# Final Approach
This notebook contains the code submitted as final in the Genpact Machine Learning Hackathon. The software used is:
* R version 3.5.1
    * Caret package 6.0-80
    * Metrics package 0.1.4

Libraries:

In [2]:
library(caret)
library(Metrics)

### Meal based approach
In this approach we fit a model for each meal ID. We work under the assumption that the same type of meal follow the same beahviour.

Data loading:

In [3]:
train <- read.csv('Data/train.csv')
trainCenter <- read.csv('Data/fulfilment_center_info.csv')
trainMeal <- read.csv('Data/meal_info.csv')
test <- read.csv('Data/test_QoiMO9B.csv')
submission <- read.csv('Data/sample_submission_hSlSoT6.csv')

Data engineering (Delete ID and factorize some caterogical features):

In [4]:
train$id <- NULL # Delete id
train$emailer_for_promotion <- factor(train$emailer_for_promotion) # Factorize
train$homepage_featured <- factor(train$homepage_featured) # Factorize

test$emailer_for_promotion <- factor(test$emailer_for_promotion) # Factorize
test$homepage_featured <- factor(test$homepage_featured) # Factorize

trainCenter$city_code <- factor(trainCenter$city_code) # Factorize
trainCenter$region_code <- factor(trainCenter$region_code) # Factorize

Join datasets by center_id and factorize:

In [5]:
trainDEF <- merge(train, trainCenter, by = 'center_id')
trainDEF$center_id <- factor(trainDEF$center_id) # Factorize

testDEF <- merge(test, trainCenter, by = 'center_id')
testDEF$center_id <- factor(testDEF$center_id) # Factorize

Reorder columns:

In [6]:
trainDEF <- trainDEF[, c(1:7, 9:ncol(trainDEF), 8)]
testDEF <- testDEF[, c(2, 1, 3:ncol(testDEF))]
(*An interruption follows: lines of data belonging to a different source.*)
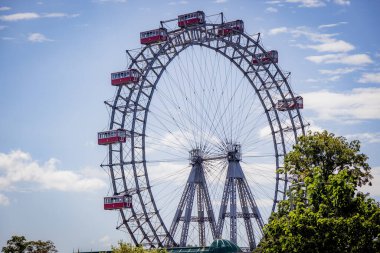 Viyana Dönme dolabı Prater Eğlence Parkı - VienNA, AUSTRIA - 1 AĞUSTOS 2021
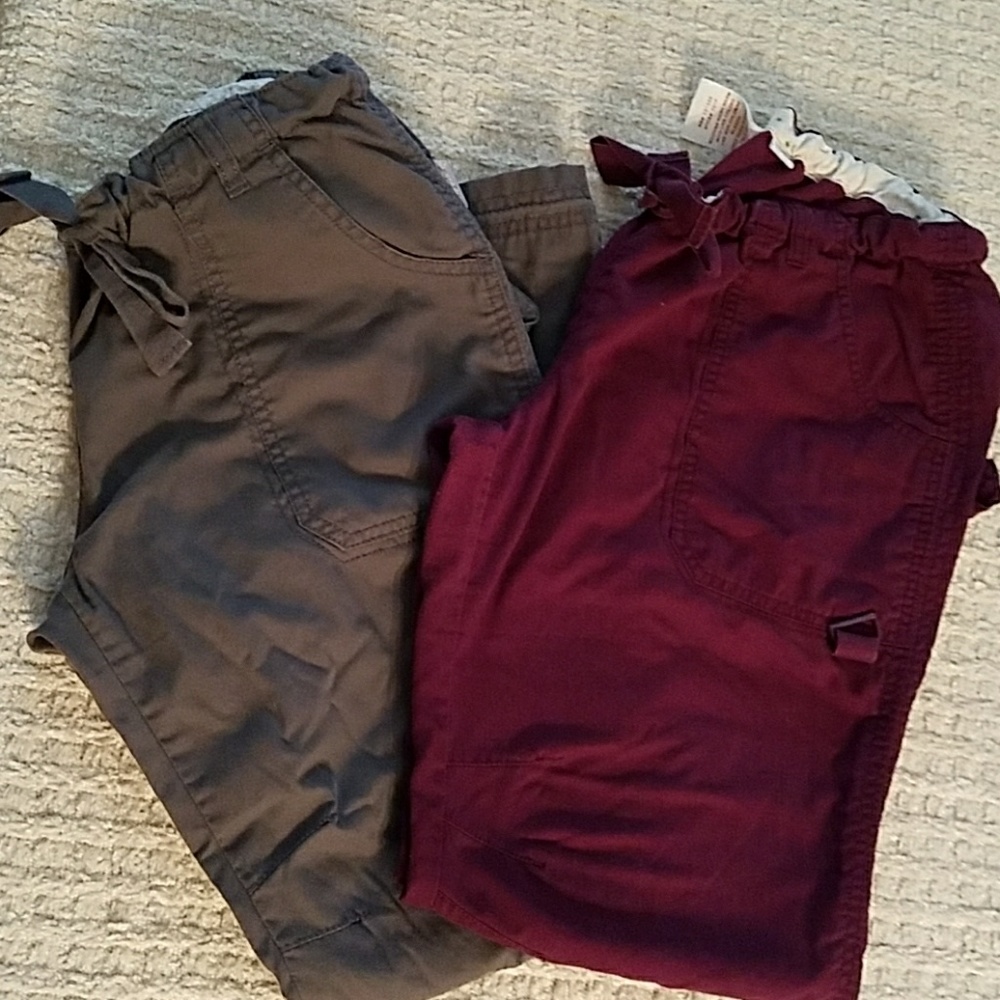 Koi scrub  pants petite med grey and maroon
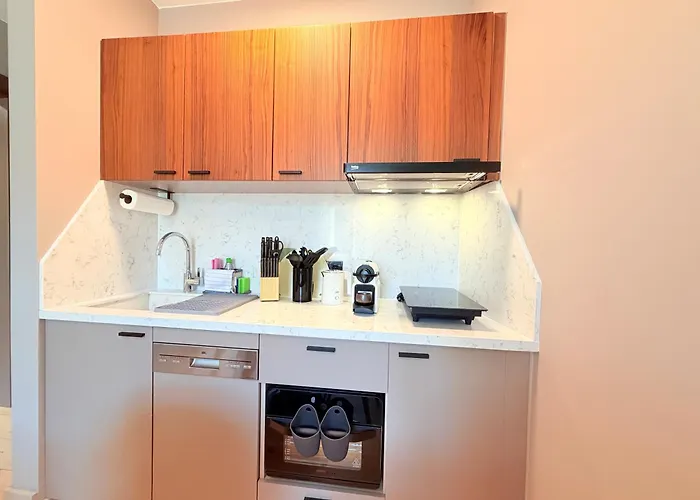 Amaroo - Boarding & Serviced 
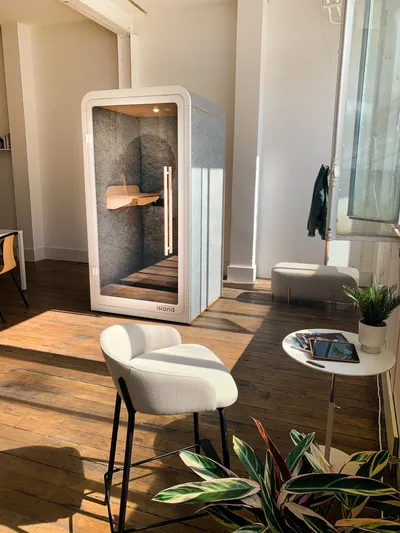 WorkabbleSpace's tweet photo. 🏡 Working from home? Create a private, quiet workspace with Workabble Space's automated office pods. Ideal for remote work, these pods ensure a productive day. #WFH #HomeOffice #WorkabbleSpace https://t.co/V8RRoq56ps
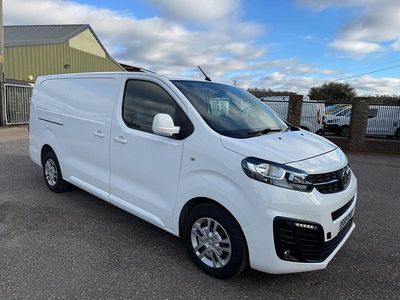 White Used 2019 Vauxhall Vivaro Sportive MPV | £9,995 (Fair price)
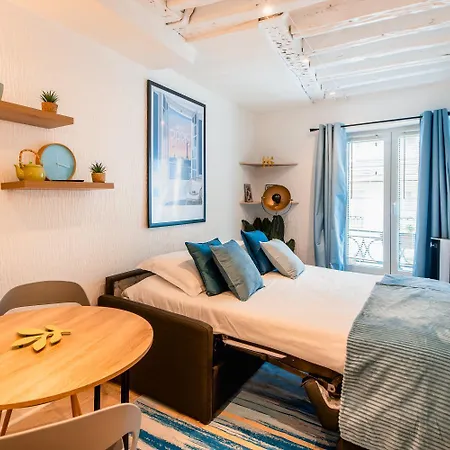 Appartamento Amazing On The Prestigious Street Parigi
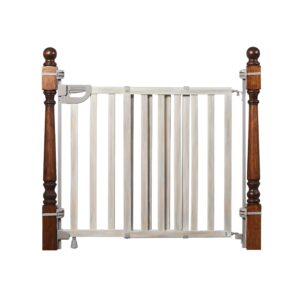 summer infant banister and stair wood safety gate with extra wide door design and comfort grip handle for easy one handed release, multicolor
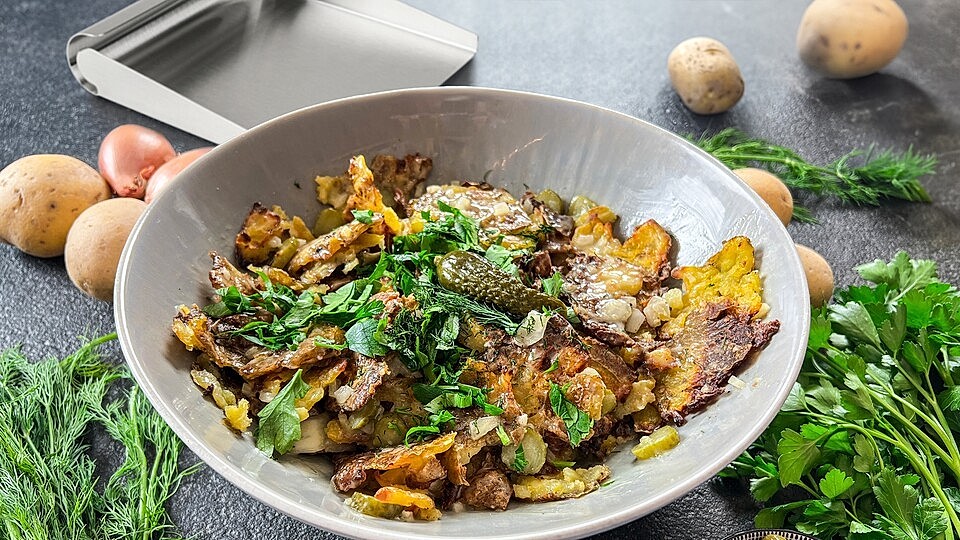 Crunchy Smashed Potato Salad von chefkochtrifftfackelmann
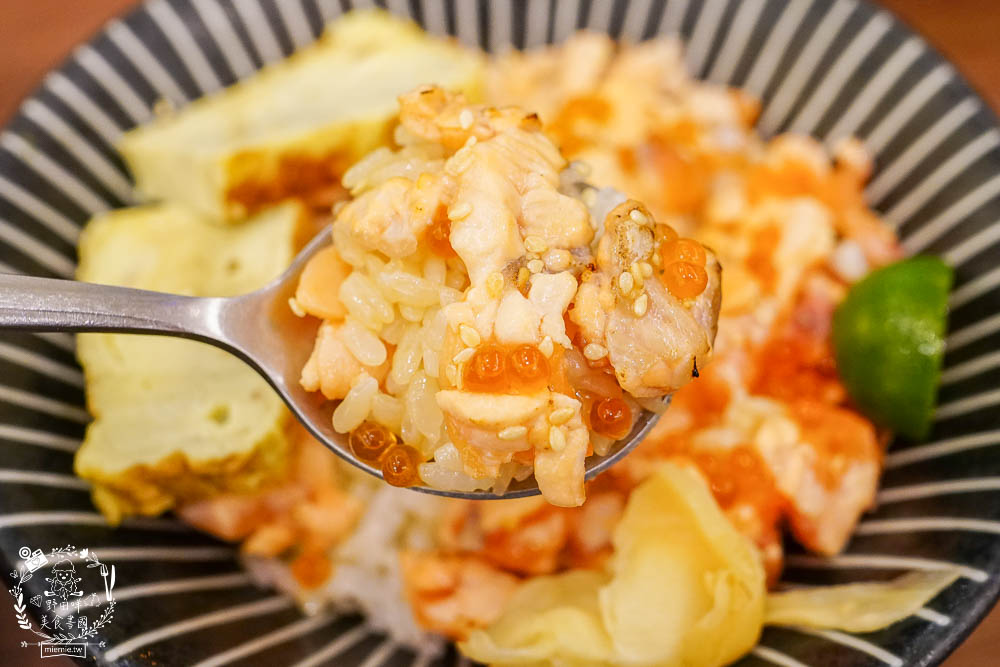 高雄[十六町手作壽司丼飯]隱藏在仁雄路的日本料理店!豪華海鮮丼超多生魚片選項!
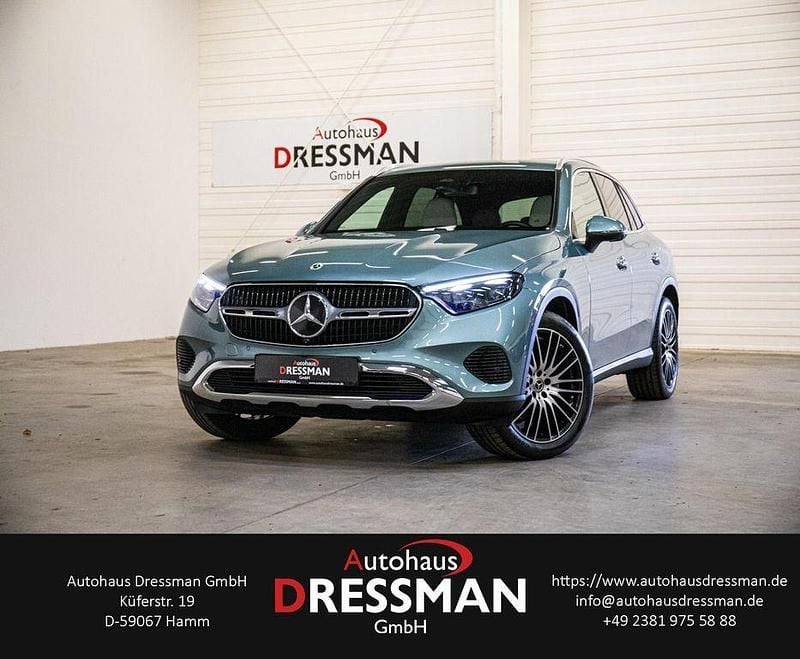 Silber Gebraucht 2024 Mercedes GLC300 SUV | 60.568 € (Guter Preis) - Bild 1/4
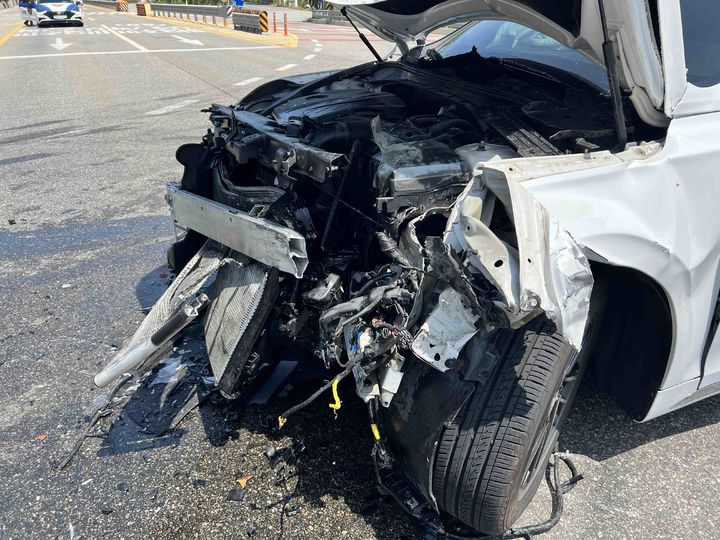 [양양=뉴시스] 양양군 현남면 국도7호선 원포삼거리에서 승용차와 오토바이 두대가 잇따라 충돌한 사고 현장.(사진=강원도소방본부 제공)photo@newsis.com *재판매 및 DB 금지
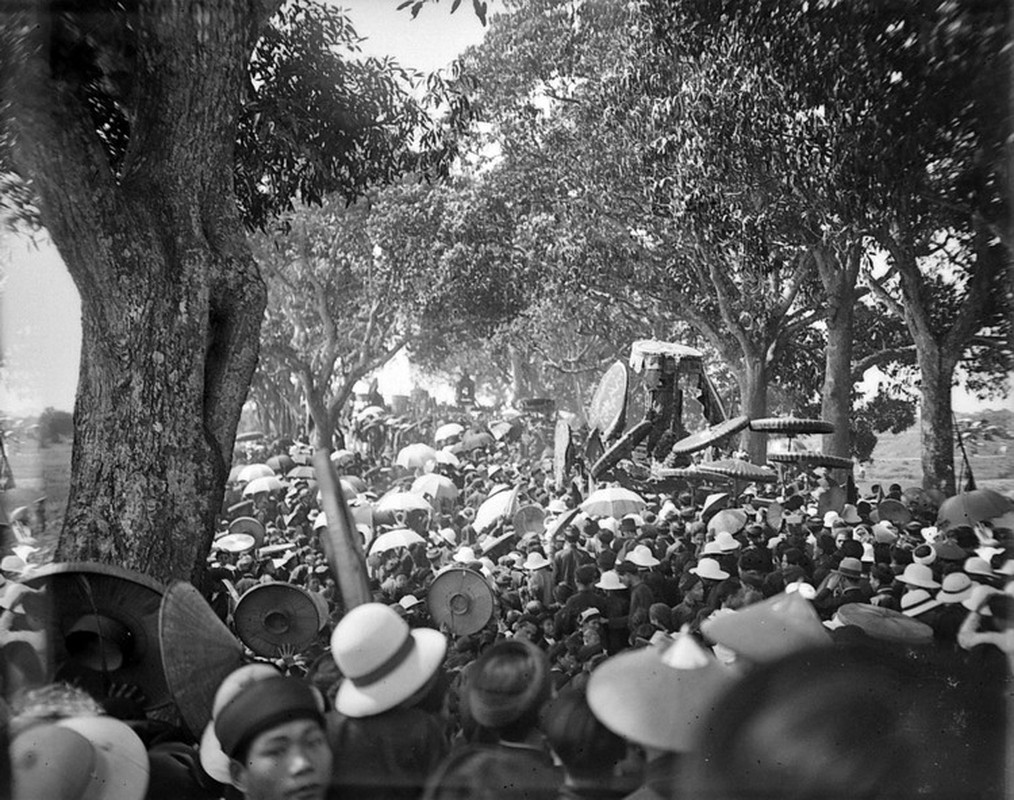 Hinh doc ve le hoi den Voi Phuc nam 1928-Hinh-15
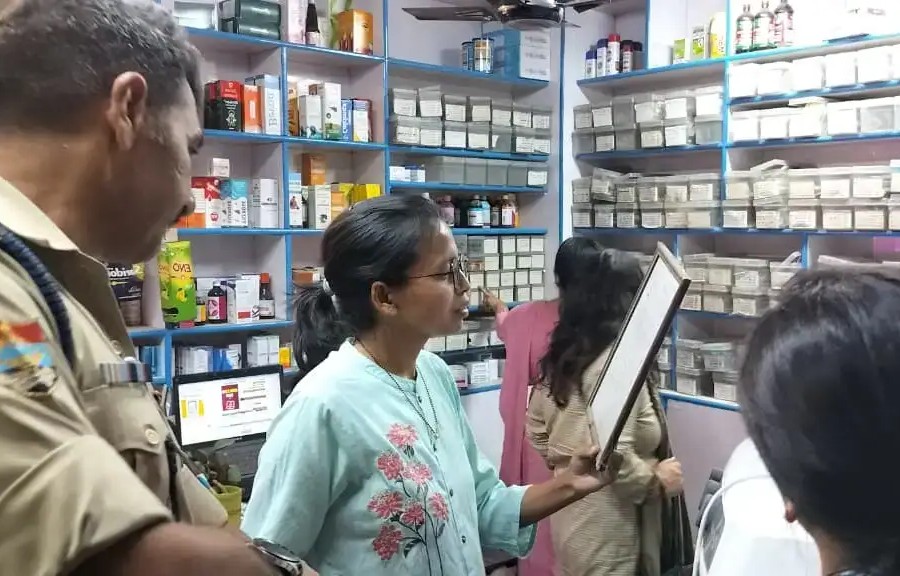 Haldwani: सुशीला तिवारी अस्पताल के पास मेडिकल स्टोरों पर बड़ी कार्रवाई, मेडिकल स्टोर्स पर छापे के बाद कई खामियां उजागर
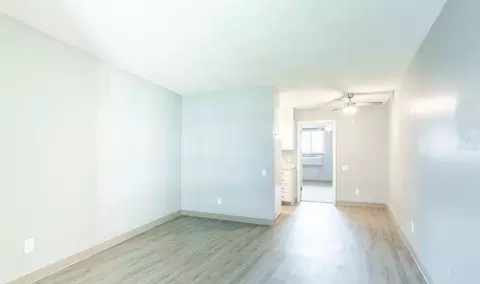 1915 S 44th St, Omaha, NE 68105 photo 6
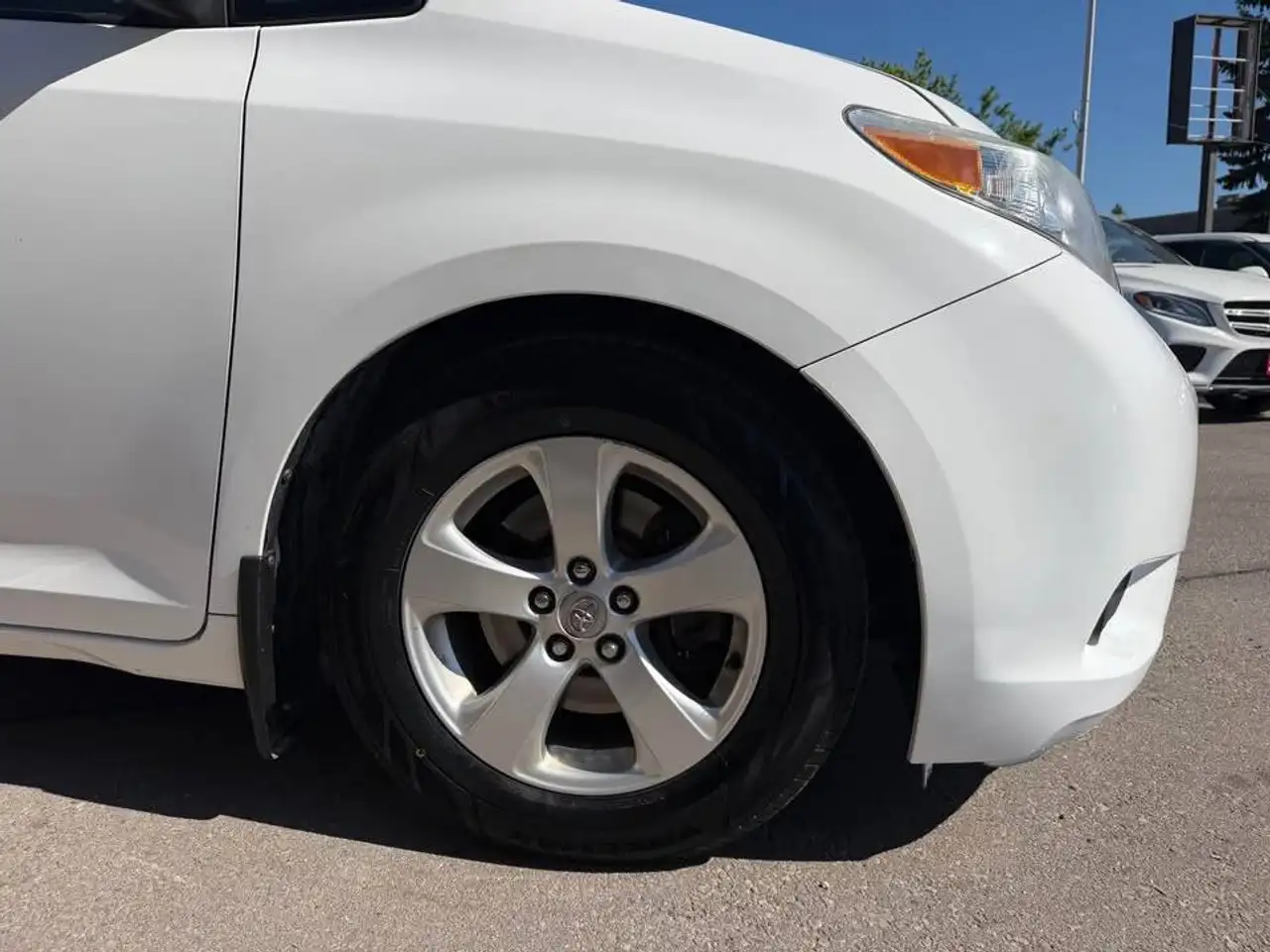 Toyota Sienna photo Toyota Sienna
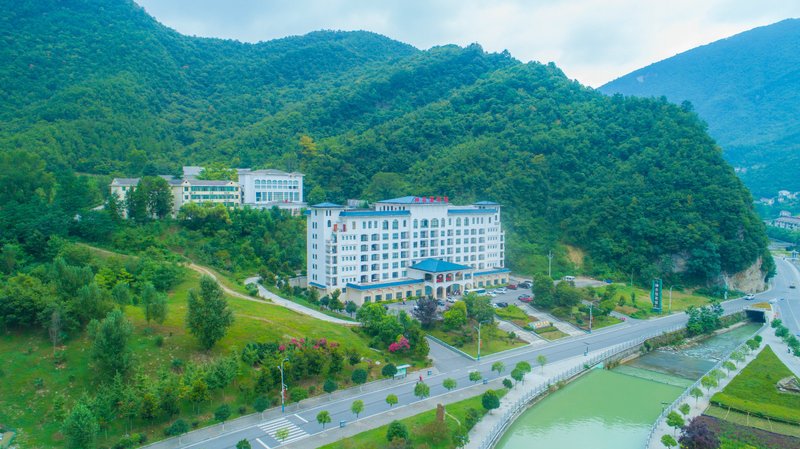 Shen Nong Jia Hotel over view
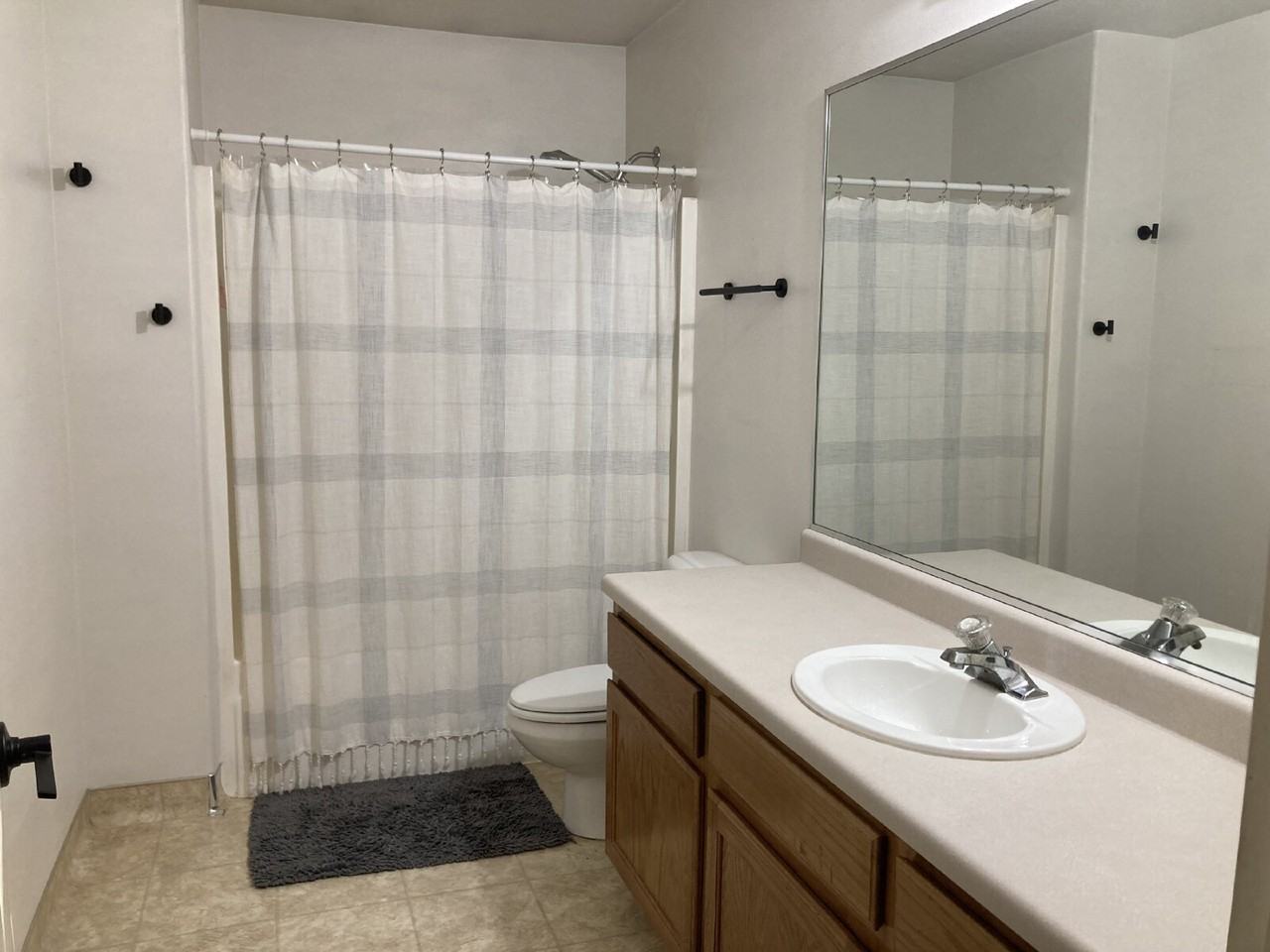 608 W 700 N - Photo 5 of 7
Now we'll split the train set based on the meal ID, then for each meal ID we'll split the subset into train and test (the last 10 weeks):

In [7]:
trainBYmeal <- list()
for(meal in unique(trainDEF$meal_id)) {
  
  auxDF <- trainDEF[trainDEF$meal_id == meal, -3] # Delete meal_id column
  
  trainBYmeal[[as.character(meal)]][['train']] <- auxDF[auxDF$week %in% 1:135, ]
  trainBYmeal[[as.character(meal)]][['test']] <- auxDF[auxDF$week %in% 136:145, ]
  
}

The loss function RMSLE is not included in caret so we need to define it manually:

In [8]:
RMSLECaretFunc <- function(data, lev = NULL, model = NULL) {
  
  rmsleCaret <- Metrics::rmsle(data$obs, data$pred)
  c(RMSLEcaret = -rmsleCaret)
  
}

We will calculate and save the standard prediction, augmented by 1.10 and reduced by 0.9:

In [9]:
submission_1 <- submission
submission_1 <- cbind.data.frame(submission_1,
                                 num_ordersReduced = rep(0, nrow(submission_1)),
                                 num_ordersAugmented = rep(0, nrow(submission_1)))

We also need to create a csv saving the RSMLE achieved for each meal ID:

In [10]:
metrics <- data.frame(meal = rep(0, length(trainBYmeal)),
                      RMSLENormal = rep(0, length(trainBYmeal)),
                      RMSLEreduced = rep(0, length(trainBYmeal)),
                      RMSLEAugmented = rep(0, length(trainBYmeal)))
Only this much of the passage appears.